Keşmir sorunu, bölgede İngiliz hakimiyetinin sona erdiği 1947'den önceye dayanıyor. Ancak iplerin kopması, İngilizlerin gidişiyle başladı. 1947'de İngiltere Hindistan'dan çekilirken, Keşmir'i Hindistan ya da Pakistan'la birleşme konusunda serbest bıraktı. Nüfusun büyük bölümü Müslüman olan Keşmir halkı Pakistan'ı tercih etse de dönemin Prensi Hindistanla birleşme kararı aldı. Bu kararın ardından iki ülke arasında iki yıl süren bir savaş patlak verdi. Ateşkesin sonunda Pakistan bölgeden çekilmedi ve Keşmir iki ülke arasında fiilen bölündü. Hindistan ele geçirdiği bölgeleri "Cammu Keşmir" eyaleti adı altında kendine bağladı. Bölge, Hindistan ile Pakistan arasında mücadele alanı haline geldi.

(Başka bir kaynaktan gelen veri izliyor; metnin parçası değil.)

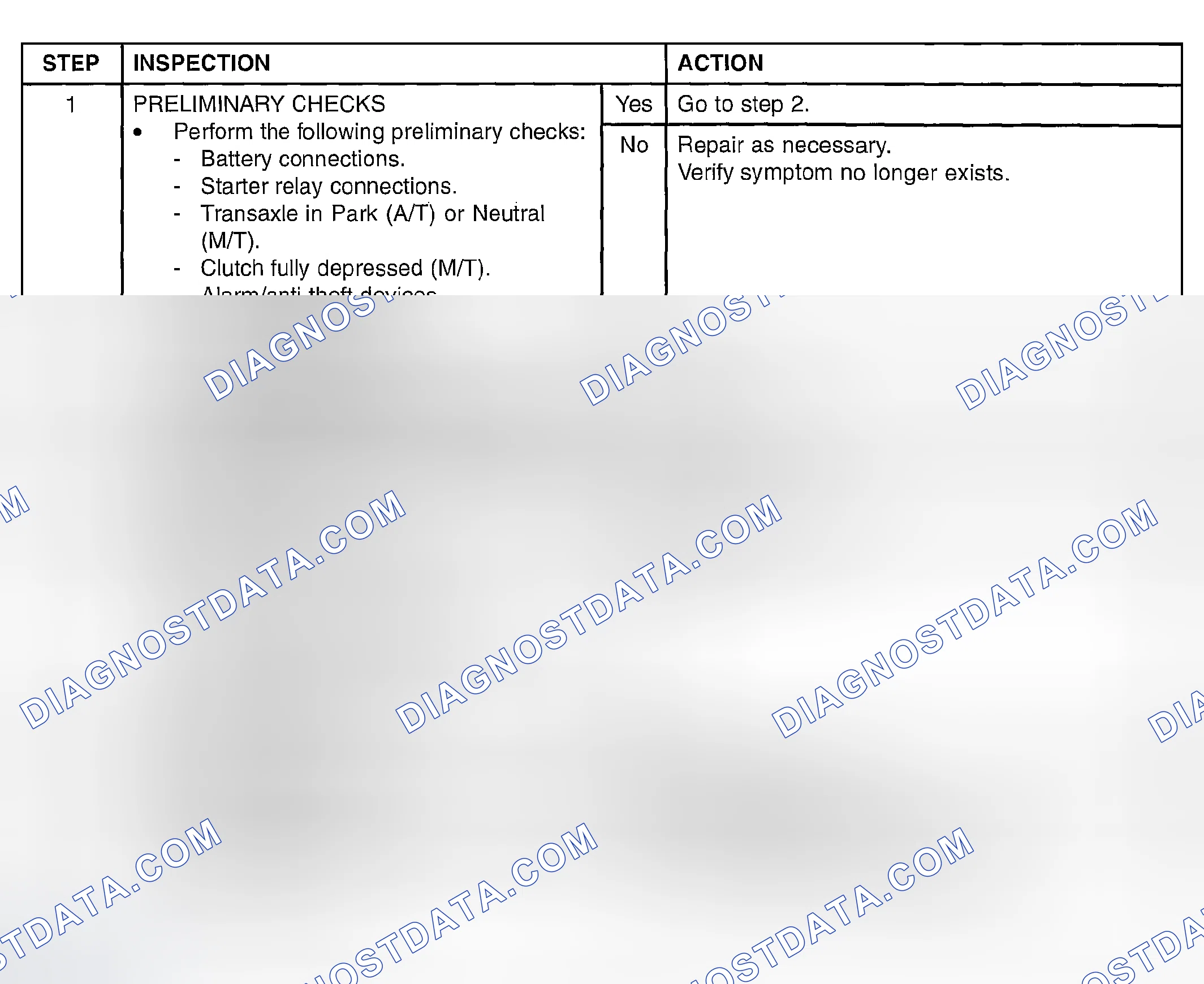 Scheme 463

KRİZE ÇİN DE DAHİL OLDU Ardından krize Çin de dahil oldu. Hindistan ile sınır anlaşmazlığı yaşayan Çin, 1956'dan 1962'ye kadarki dönemde Keşmir'in doğusundaki Aksai-Çin yaylasını adım adım ele geçirdi.
1965'te Pakistan ile Hindistan Keşmir için bir kez daha savaştı. 1972'de imzalanan Şimla Anlaşması ile Keşmir'de, Hindistan ve Pakistan kontrolündeki bölgeler, Kontrol Hattı adıyla ayrıldı. Hint yönetimine duyulan öfke, kitlesel gösterilere, silahlı direnişe ve Pakistan destekli militan grupların yükselişine sahne oldu. Bu süreçte hem Hindistan hem Pakistan kendini nükleer güç olarak ilan etti. 1999'da, Hindistan ordusu ile Pakistan destekli güçler arasında kısa ama şiddetli çatışmalar yaşandı. Ancak iki ülkenin peş peşe nükleer silah denemesi yapması, olası bir savaşın boyutları konusunda endişelere yol açtı. 2000'li yıllardaki diyalog çabalarından da bir sonuç alınamadı. Son olarak 2019'da 40 Hindistan askerinin militanların saldırısında öldürülmesi sonrası bir kez daha savaş patlak verdi. Hindistan, Pakistan topraklarına 50 yıl sonra ilk kez hava saldırısı düzenledi. Hava saldırılarına Pakistan da yanıt verdi ve iki ülkenin savaş uçakları arasında kısa süreli it dalaşı yaşandı. Hindistan aynı yıl Cammu Keşmir'in özel statüsünü iptal etti ve bölgeyi ikiye ayırdı. Keşmir'in yüzde 45'i Hindistan'ın, yüzde 35'i Pakistan'ın kontrolünde. Cammu Keşmir, halen Hindistan'da Müslüman nüfusun çoğunlukta olduğu tek eyalet olma özelliği taşıyor. Karşılıklı ihlallere sahne olan Kontrol Hattı'ndaki çatışmalar nedeniyle iki ülke, sık sık savaşın eşiğine geliyor. Bölgede kırılgan bir güvenlik durumu var. Öyle ki eski ABD başkanı Bill Clinton Keşmir'i "dünyanın en tehlikeli yeri" olarak tanımlamıştı. birleşmiş Milletler Güvenlik Konseyinin Keşmir'in geleceğinin halk oylamasıyla belirlenmesi çağrısına rağmen Keşmirliler kendi kaderini tayin edemiyor.